### INPUT
Segment Open
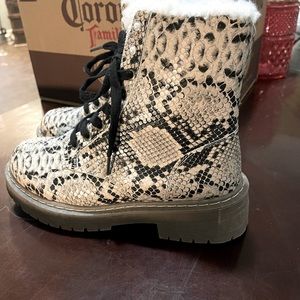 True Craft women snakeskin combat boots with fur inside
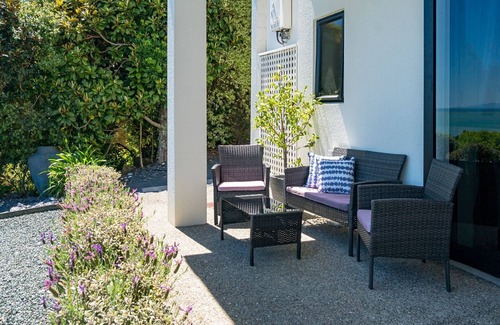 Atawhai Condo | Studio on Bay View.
Segment Closed
Segment Open
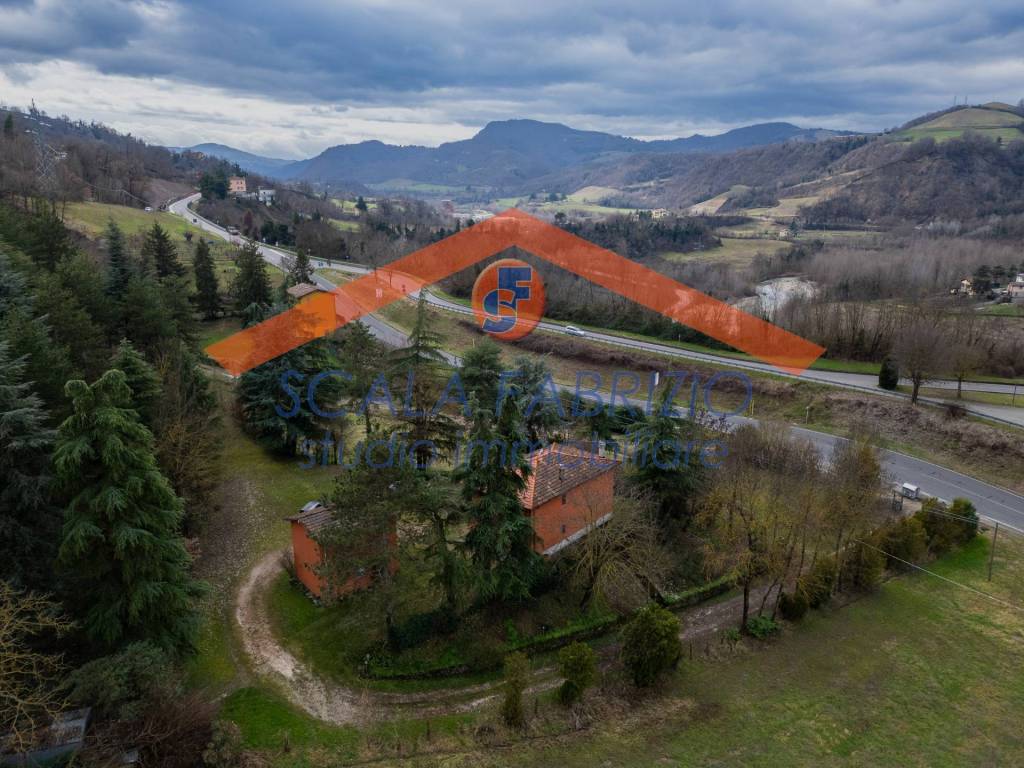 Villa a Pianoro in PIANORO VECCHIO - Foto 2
Segment Closed
### WHAT YOU SHOULD DO
Both boundary lines included, write out word for word only the lines above from the one containing "True Craft women" to the one containing "Atawhai Condo | Studio on Bay View.", leaving out any pictures.

### ANSWER TO THIS EXERCISE
 True Craft women snakeskin combat boots with fur inside
 Atawhai Condo | Studio on Bay View.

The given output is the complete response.